**Problem**
Go to the line below containing "Antique King James" and print exactly from there through the line containing "TOMIX HO gauge", both included. Print nothing else.

**Records shown**

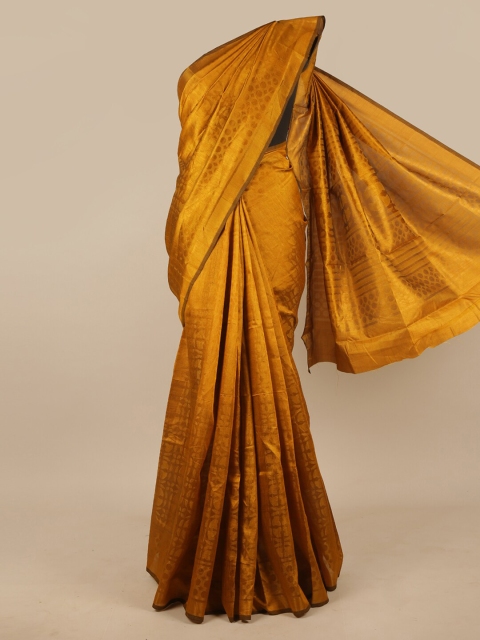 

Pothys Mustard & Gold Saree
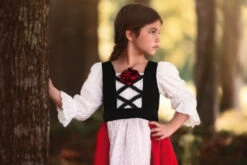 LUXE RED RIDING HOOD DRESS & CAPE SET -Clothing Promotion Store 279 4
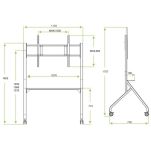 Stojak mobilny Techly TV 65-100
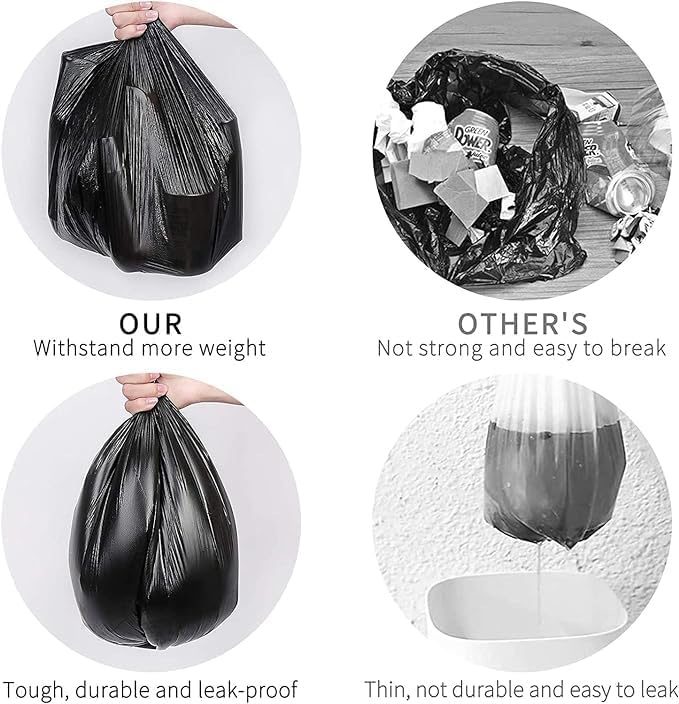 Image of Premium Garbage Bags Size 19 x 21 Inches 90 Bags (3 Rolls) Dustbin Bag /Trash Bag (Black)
--
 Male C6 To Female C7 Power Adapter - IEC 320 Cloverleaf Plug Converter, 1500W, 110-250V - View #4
--
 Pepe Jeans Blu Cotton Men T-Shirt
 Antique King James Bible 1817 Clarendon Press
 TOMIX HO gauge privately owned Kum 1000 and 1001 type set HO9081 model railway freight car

**Exercise result**
 Antique King James Bible 1817 Clarendon Press
 TOMIX HO gauge privately owned Kum 1000 and 1001 type set HO9081 model railway freight car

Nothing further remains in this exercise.